Astra Streaming, CDC and decoding

Problem statement

We have CDC enabled from an Astra DB table to an Astra Streaming topic and we want to decode the content of each event to have it e.g. as a plain JSON.

We want to do it in Python.

We want to be able to do it both in a standalone consumer Python script and within a Streaming Function.

Breakdown

First do it with a standard Python script, then do it within a Streaming Function.

(In particular, the latter will be used to "de-schemaify" the CDC topic, i.e. for each incoming Avro-schemaful CDC event we want to publish a plain-JSON counterpart to another, schemaless topic. This is but one of the many possible applications of the findings presented here.)

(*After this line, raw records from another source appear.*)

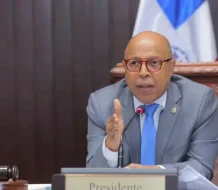 Diputados aprueban en primera lectura ley que penaliza equipos eléctricos ineficientes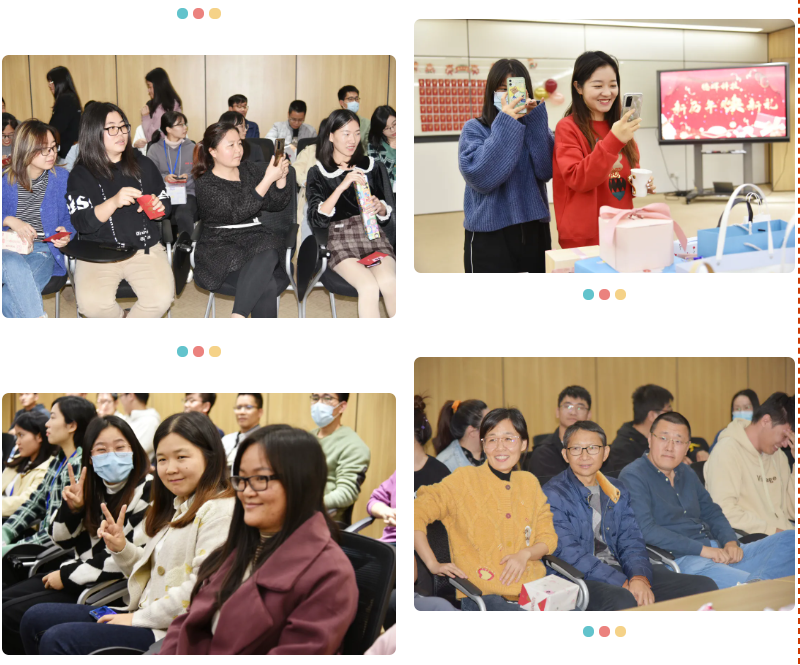 1641268114(1).png 1641268114(1).png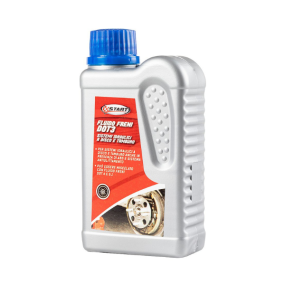 Icone Categorie - 2023-06-20T170703.592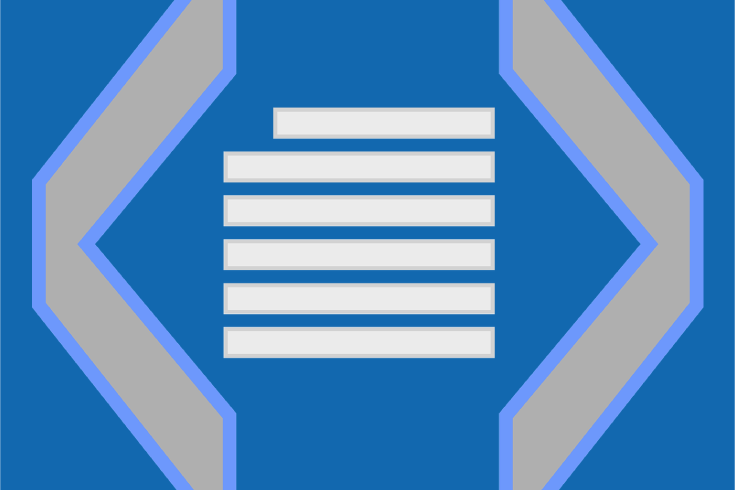 XRechnung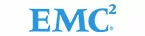 SPS Pros Sells Used/New EMC Standby Power Supplies, Hard Drives and More for CX, CX3, CX4, VNX, VNXe, Data Domain and More! Save up to 80%!
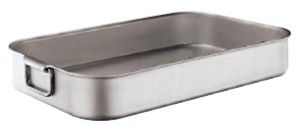 Лоток Paderno 1694145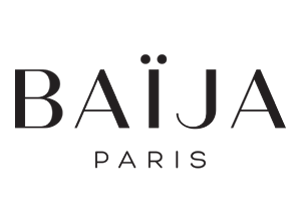 BAÏJA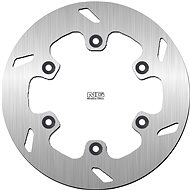 NG brake disc 1057 - Brake Disc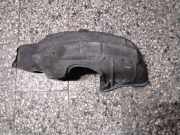 Radhaus rechts hinten Toyota Prius (W5) 6563747060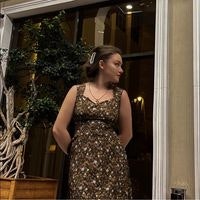 ანა ბერულავა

Prepare for a small surprise that arose while completing this exercise, a small difference between the standalone-script and the pulsar-function encoding schemes that, as always with Pulsar functions, was somewhat cumbersome to track and debug.

Schema for Avro

Note that a fixed starting point is the schema structure for creating the Avro decoders. Two such structures exist, one for the "data columns" and one for the primary key stuff, and they can be read off the Astra Streaming UI (auto-populated once at least one CDC event goes through).

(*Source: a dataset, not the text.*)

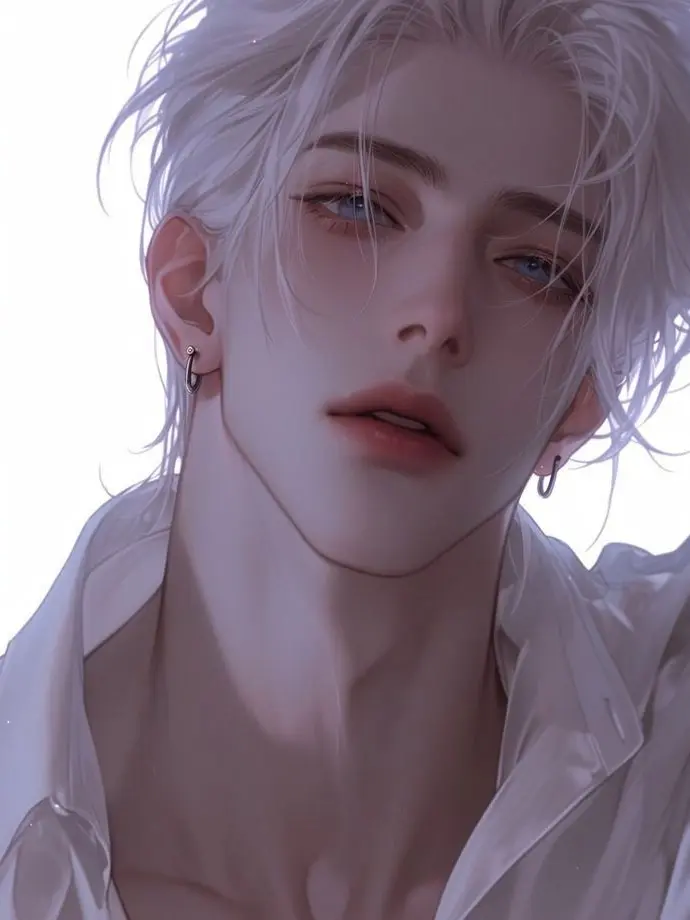 FuzzyGraph3046의 백윤설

The example CDC consumer code on the Streaming site does query dynamically and endpoint that gives the schema for the table, but then does some cleanup of it, etc. Or at least it appears to work like that: I never got the example to work as is and had to fiddle quite a bit, ending up copypasting the schema JSON manually into my project.

Alternatively, you can manually build the schema descriptor structure, if you dare (keeping unions with Nones into accunt and the like. Good luck).

Setup I (table and CDC)

We need a table in a keyspace and a Streaming tenant in the same cloud provider and region. Here:

keyspace = track3demo
tenant = track3demo
Provider/region = GCP / useast1

Table:

CREATE TABLE track3demo.reviews (
    hotel TEXT,
    id TIMEUUID,
    reviewer TEXT,
    body TEXT,
    is_valid BOOLEAN,
    score INT,
    PRIMARY KEY ( (hotel), id )
  ) WITH CLUSTERING ORDER BY ( id DESC );

Typical insert (to test it all later):

INSERT INTO track3demo.reviews
  (hotel, id, reviewer, body, is_valid, score)
VALUES
  ('Fungal Resort', now(), 'Geppo', 'The cockroaches are kind and helpful', true, 6);

Enable CDC: you do it on the database, picking the target tenant and the source keyspace/table. Refresh the page, CDC should become "Running" immediately.

Now write a row to DB for the schema to be auto-detected in the topic (very useful later).

Standalone script

Schema

Either by inspecting the autogenerated track3demo/astracdc/data-BLABLABLA-track3demo.reviews CDC topic, or magically because you are an Avro level-12 sorcerer, retrieve two JSON descriptions for the partition-key columns and the data-columns of the table. (Incidentally, if you go to the "Try me" feature it 403s.)

Key and values schemas are separate, corresponding to how the CDC messages keep the former in the "(streaming) partition key" and the latter in the "data" of the CDC events it produces.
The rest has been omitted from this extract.